WASHINGTON (AP/WCCO) — Toyota Motor Corp. recalled 2.17 million vehicles in the United States on Thursday to address accelerator pedals that could become entrapped in floor mats or jammed in driver’s side carpeting, prompting federal regulators to close its investigation into the embattled automaker.
The Transportation Department said it had reviewed more than 400,000 pages of Toyota documents to determine whether the scope of the company’s recalls for pedal entrapment was sufficient.
“As a result of the agency’s review, (the National Highway Traffic Safety Administration) asked Toyota to recall these additional vehicles, and now that the company has done so, our investigation is closed,” said NHTSA administrator David Strickland.

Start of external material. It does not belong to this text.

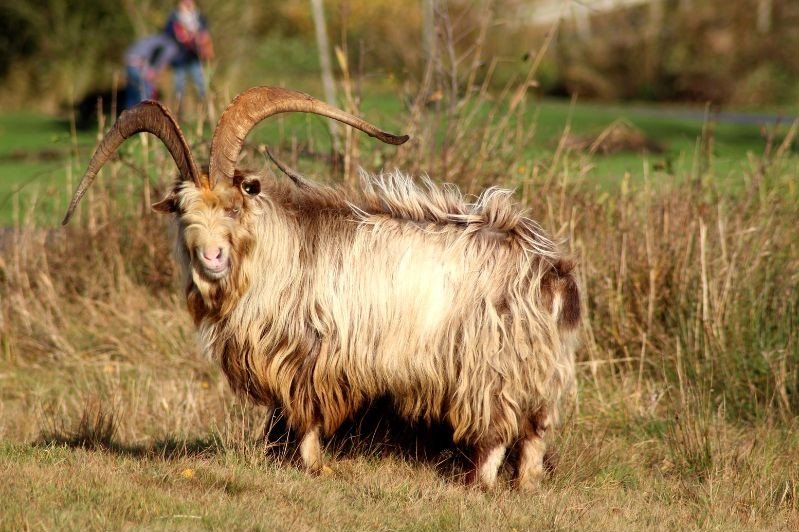 Landrace Goats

Toyota has now recalled more than 14 million vehicles globally to fix gas pedals and other safety problems since 2009. U.S. regulators said earlier this month that electronic flaws were not to blame for reports of sudden, unintended acceleration. The company paid the U.S. government a record $48.8 million in fines for its handling of three recalls.
The world’s No. 1 auto company said more than half of the vehicles under recall were being added to a massive 2009 recall that fixed gas pedals getting trapped in the floor mat.

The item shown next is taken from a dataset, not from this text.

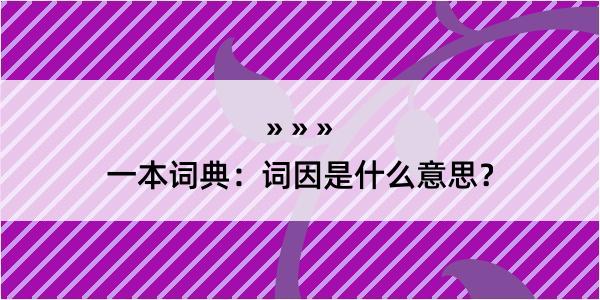 一本词典：词因是什么意思？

The Japanese automaker said it would add three models to the 2009 pedal entrapment recall: about 600,000 4Runner SUVs from the 2003-2009 model years; 761,000 RAV4 compact SUVs from the 2006-2010 model years; and 17,000 Lexus LX 570s from the 2008-2011 model years.
The recall also includes 372,000 RX 330, RX 350 and RX 400H vehicles from the 2004 through early 2007 model years and 397,000 2004-2006 Toyota Highlander SUVs and hybrid versions to replace floor carpet covering and retention clips on the driver’s side that could interfere with the accelerator pedal arm.
Toyota also recalled 20,000 2006 through early 2007 GS 300 and GS 350 all-wheel drive vehicles to change the shape of a plastic pad embedded in the driver’s side floor carpet that could cause pedal interference.
Toyota spokesman Brian Lyons said the company was unaware of any accidents or injuries related to the new recalls.
The recall does not cover the vehicle that Koua Fong Lee was driving in 2006 when his vehicle careened into a number of cars idling at a stop light in St. Paul. Three people were killed in the crash.
Lee maintained that he did everything he could to stop as his 1996 Camry sped up the freeway exit ramp. He was convicted of criminal vehicular homicide and sentenced to eight years in prison, but the case was reopened in the wake of reports surfaced about sudden acceleration problems in certain Toyota models.
In 2010, defense investigators presented new evidence and testimony backing up Lee’s story, persuading a judge to vacate his conviction and grant him a new trial.
Prosecutors decided to drop the case.